← Back to context

Comment by prodigycorp

1 day ago

You’re not wrong but I still think that the harness matters a lot when trying to accurately describe Claude Code.

Here’s a reframing:

If you asked people “what would you rather work with, today’s Claude Code harness with sonnet 3.7, or the 200 line agentic loop in the article with Opus 4.5, which would you choose?”

I suspect many people would choose 3.7 with the harness. Moreover, that is true, then I’d say the article is no longer useful for a modern understanding of Claude Code.

I don't think so, model improvements far outweigh any harness or tooling.

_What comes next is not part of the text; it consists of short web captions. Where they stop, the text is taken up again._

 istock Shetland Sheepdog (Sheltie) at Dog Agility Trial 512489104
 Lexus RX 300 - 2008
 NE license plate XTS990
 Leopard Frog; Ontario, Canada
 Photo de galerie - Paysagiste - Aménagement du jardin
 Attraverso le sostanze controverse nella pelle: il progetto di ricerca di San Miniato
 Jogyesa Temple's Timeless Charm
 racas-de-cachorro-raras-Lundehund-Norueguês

Look at https://github.com/SWE-agent/mini-swe-agent for proof

  • Yes but people aren’t choosing CC because they are necessarily performance maximalists. They choose it because it has features that make it behave much more nicely as a pair programming assistant than mini-swe-agent.

    There’s a reason Cursor poached Boris Cherney and Cat Wu and Anthropic hired them back!

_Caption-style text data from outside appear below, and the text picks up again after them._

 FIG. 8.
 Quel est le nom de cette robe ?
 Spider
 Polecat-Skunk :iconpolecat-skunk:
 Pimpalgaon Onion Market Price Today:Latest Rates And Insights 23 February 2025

Any person who would choose 3.7 with a fancy harness has a very poor memory about how dramatically the model capabilities have improved between then and now.

  • I’d be very interested in the performance of 3.7 decked out with web search, context7, a full suite of skills, and code quality hooks against opus 4.5 with none of those. I suspect it’s closer than you think!

    • Skills don't make any difference above having markdown files to point an agent to with instructions as needed. Context7 isn't any better than telling your agent to use trafilatura to scrape web docs for your libs, and having a linting/static analysis suite isn't a harness thing.

      3.7 was kinda dumb, it was good at vibe UIs but really bad at a lot of things and it would lie and hack rewards a LOT. The difference with Opus 4.5 is that when you go off the Claude happy path, it holds together pretty well. With Sonnet (particularly <=4) if you went off the happy path things got bad in a hurry.

      1 reply →

    • > I suspect it’s closer than you think!

      It's not.

      I've done this (although not with all these tools).

      For a reasonable sized project it's easy to tell the difference in quality between say Grok-4.1-Fast (30 on AA Coding Index) and Sonnet 4.5 (37 on AA).

      Sonnet 3.7 scores 27. No way I'm touching that.

      Opus 4.5 scores 46 and it's easy to see that difference. Give the models something with high cyclomtric complexity or complex dependency chains and Grok-4.1-Fast falls to bits, Opus 4.5 solves things.

This is SO wrong.

I actually wrote my own simple agent (with some twists) in part so I could compare models.

Opus 4.5 is in a completely different league to Sonnet 4.5, and 3.7 isn't even on the same planet.

I happily use my agent with Opus but there is no world in which I'd use a Sonnet 3.7 level model for anything beyond simple code completion.